週末の趣味としての神社仏閣巡り(第 7 回)-明智光秀ゆかりの地探訪

この企画の第1回でも申しましたように、歴史が好きな方にとっても週末の趣味としてぜひ神社仏閣巡りをしていただきたいと思っています。

このブログを始めて気付かされたことは、当たり前かもしれませんが、歴史と関連深い道やお堂、建物が思いのほか多いということでした。
ちなみに、僕が好きな戦国武将は、上杉謙信と明智光秀です。
上杉謙信は最後まで「義」を貫いて生きた姿が美しいと思います。一方、明智光秀は文武の才能はあるのですが、いまひとつ運にめぐまれなかったという点が惹きつけらます。

上杉謙信ゆかりの場所ももちろん訪れたいのですが、大阪在住の僕からすれば、新潟は遠くてなかなか行くことができません。

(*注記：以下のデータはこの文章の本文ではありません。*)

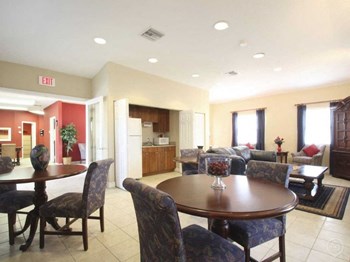 clubhouse interior with comfortable seating area, tables & chairs, and kitchen - Photo Gallery 2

明智光秀については、このブログを続けている間に、ゆかりの地をいつの間にかずいぶん訪れていました。
そこで今回は、これまでに訪れた明智光秀関連の場所をまとめてみたいと思います。

もともと明智光秀は浪人出身であり、そのため若い時の記録が残されておらず、それどころか正確な年齢も分かっていません。
おそらく五十数歳だと考えられています。
その五十数年の中で歴史の表舞台に立ったのは人生最後の十四年であり、この十四年の間に彼はただの浪人からほんの数日とはいえ、天下をとるにまで出世したことになります。

 

 

比叡山焼き討ち

織田信長は、宿敵であった浅井氏・朝倉氏をかくまっていた比叡山延暦寺に対し、中立を保つよう願い出ていました。
しかし、比叡山はこれを拒否したため、1571年、比叡山延暦寺の焼き討ちが実行されました。
このとき、最も積極的に焼き討ちを実行したのが明智光秀といわれています。
明智光秀はここで手柄をたて、信長の家臣の中で最初に城を持つ武将となることができました。
つまり、比叡山焼き討ちは光秀にとって出世のための出来事だったわけです。

下の写真は、無動寺坂といって比叡山・千日回峰行者の行者道ですが、光秀は焼き討ちのとき、この道を登って比叡山へと向かいました。

 

 

一方、対する比叡山側は武装した僧兵をこの大講堂前の広場に集めて、織田軍を迎え撃ったといいます。

 

比叡山焼き討ちで活躍し事後処理も任された光秀は、先にも述べましたように、織田家臣の中で最も早く城を任される武将となりました。
それが、下の写真の坂本という町に築城された坂本城です(現在は坂本城跡として跡地が残されています)。
写真にもありますように、明智家の家紋は水色の桔梗(ききょう)です。

 

 

 

本能寺の変

比叡山焼き討ち後の織田信長家臣の序列としては、明智光秀→羽柴秀吉→丹羽長秀、滝川一益、柴田勝家だったのではないかと思います(僕の偏見ですが)。
しかし、徐々に明智光秀と羽柴秀吉の順位が入れ替わることになっていきます。
決定的なのは、秀吉が備中高松城(岡山県)を攻めているとき、光秀が信長から「秀吉の加勢に行ってやれ」と言われたときではないでしょうか。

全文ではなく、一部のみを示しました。